A l’issue du 3ième référendum, et dès le 13 décembre 2021, comme il avait été décidé
à Paris en juin dernier, vont s’ouvrir les discussions sur l’avenir institutionnel de la
Nouvelle Calédonie sur une période transitoire de 18 mois avant l’organisation du
référendum de projet en juin 2023. Les sujets de discussion sont nombreux et ont été
évoqués dans la déclaration du ministre des Outre-mer Sébastien LECORNU le 2 juin
dernier à Paris, puis complétés à partir du document de l’Etat retraçant les
conséquences du « oui » et du « non ».
Le Congrès en tant que tel n’a pratiquement pas été évoqué lors des discussions de
1998, nous avions tous les yeux rivés sur le gouvernement, dernier né du mille-feuille
institutionnel calédonien. Il conviendra donc de débattre de son développement et de
son avenir, dans les mois qui viennent.
Le maintien et le renforcement d’une assemblée parlementaire en Nouvelle-Calédonie
est plus que nécessaire, c’est indispensable en tant que gage de démocratie
permettant le juste équilibre entre l’exécutif et le législatif.
C’est la raison pour laquelle début 2020, un projet d’évaluation de l’institution a été mis
en place par une Commission Internationale d’Experts Indépendants (CIEI), de très
haut niveau, guidé par un ancien premier ministre et constituée d’anciens ministres et
parlementaires, universitaires et d’un ancien Vice-Secrétaire Général des Nations
Unies. Les travaux de cette Commission ont eu lieu dernièrement, en raison de la crise
sanitaire, par visioconférence mais ils ont permis d’identifier 4 axes sur lesquels les
élus de notre assemblée pourraient poursuivre la réflexion, le fonctionnement de
l’institution et son optimisation, le développement des relations avec les citoyens et
leur association via des formes appropriées de démocratie participative, le
renforcement de l’autonomie de l’institution et les modalités de contrôle de l’exécutif.

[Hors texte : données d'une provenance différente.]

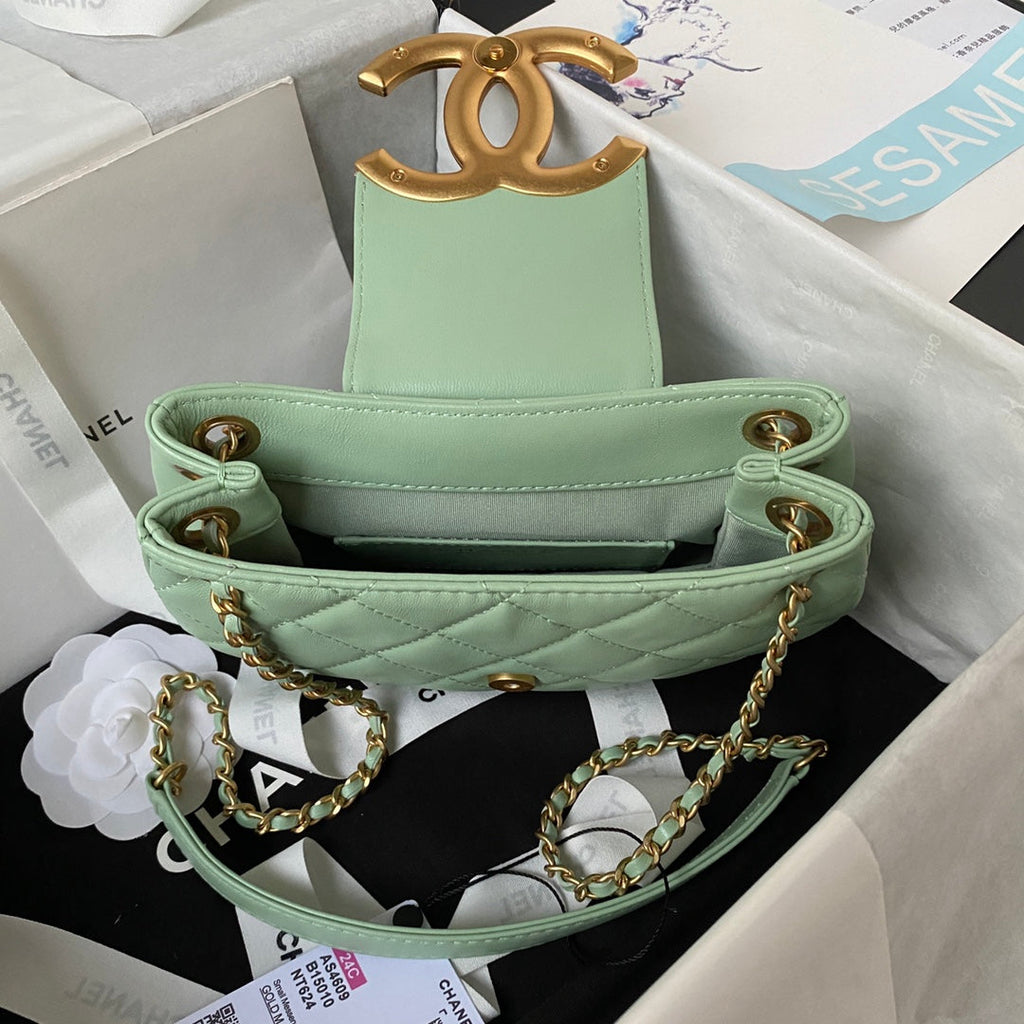Chanel AS4609 Small Messenger bag Lambskin Green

Il serait ainsi utile et nécessaire qu’un groupe de travail ad hoc ou une mission de
réflexion et de perspective sur l’avenir du congrès puisse se constituer au sein de notre
institution et devenir l’interlocuteur privilégié du groupe d’experts internationaux avant
la remise du rapport final.

Pour conclure, je m’engage à assumer pleinement mes responsabilités en


sanctuarisant notre institution qui ne peut être instrumentalisée en permanence et plus
particulièrement en cette période particulière précédant la 3 ième consultation du 12
décembre prochain.
Je considère que la campagne référendaire doit se passer à l’extérieur de l’hémicycle
et je ferai en sorte que les débats internes puissent conserver la sérénité nécessaire
au cours de cette période de 4 mois.
Je veillerai que nos débats soient emprunts de respect mutuel et de sagesse à la
hauteur des responsabilités qui sont les nôtres face à la population calédonienne et
aux enjeux pays.
Toutes les sensibilités politiques seront respectées afin de permettre au congrès
d’assurer son rôle institutionnel au cœur de la démocratie calédonienne.